[Exercise material]
------------------------------------------------------------------------

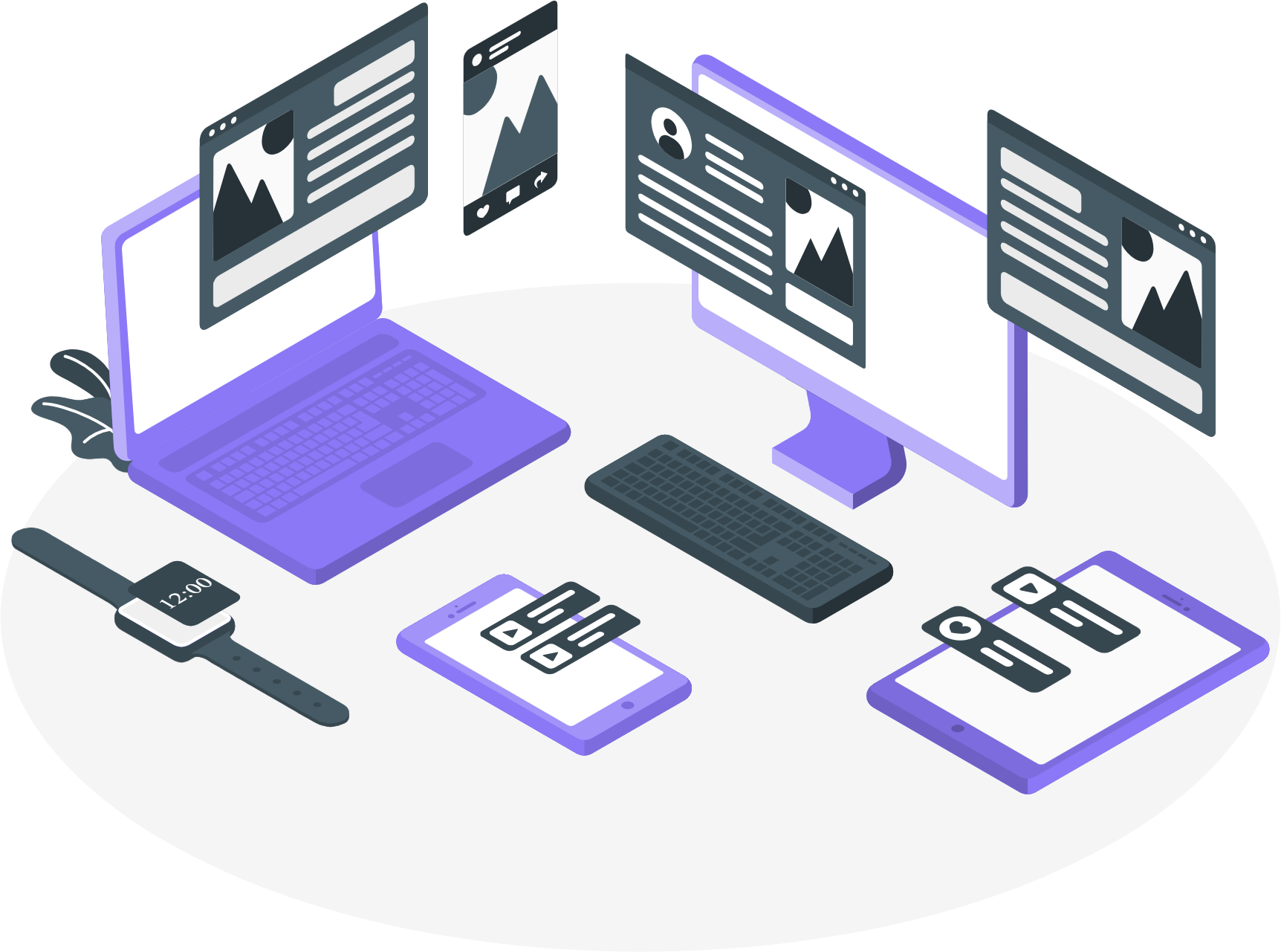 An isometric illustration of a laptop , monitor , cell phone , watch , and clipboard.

------------------------------------------------------------------------

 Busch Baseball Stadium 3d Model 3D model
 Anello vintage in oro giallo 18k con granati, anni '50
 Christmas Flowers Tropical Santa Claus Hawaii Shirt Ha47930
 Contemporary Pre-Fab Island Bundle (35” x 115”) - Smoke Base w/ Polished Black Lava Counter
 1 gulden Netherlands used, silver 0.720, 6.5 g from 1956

------------------------------------------------------------------------

[Required work]
Going back to the entries above, set down exactly the lines that begin at the one with "Anello vintage in" and end at the one with "1 gulden Netherlands", both included, and nothing else.

[Response area]
 Anello vintage in oro giallo 18k con granati, anni '50
 Christmas Flowers Tropical Santa Claus Hawaii Shirt Ha47930
 Contemporary Pre-Fab Island Bundle (35” x 115”) - Smoke Base w/ Polished Black Lava Counter
 1 gulden Netherlands used, silver 0.720, 6.5 g from 1956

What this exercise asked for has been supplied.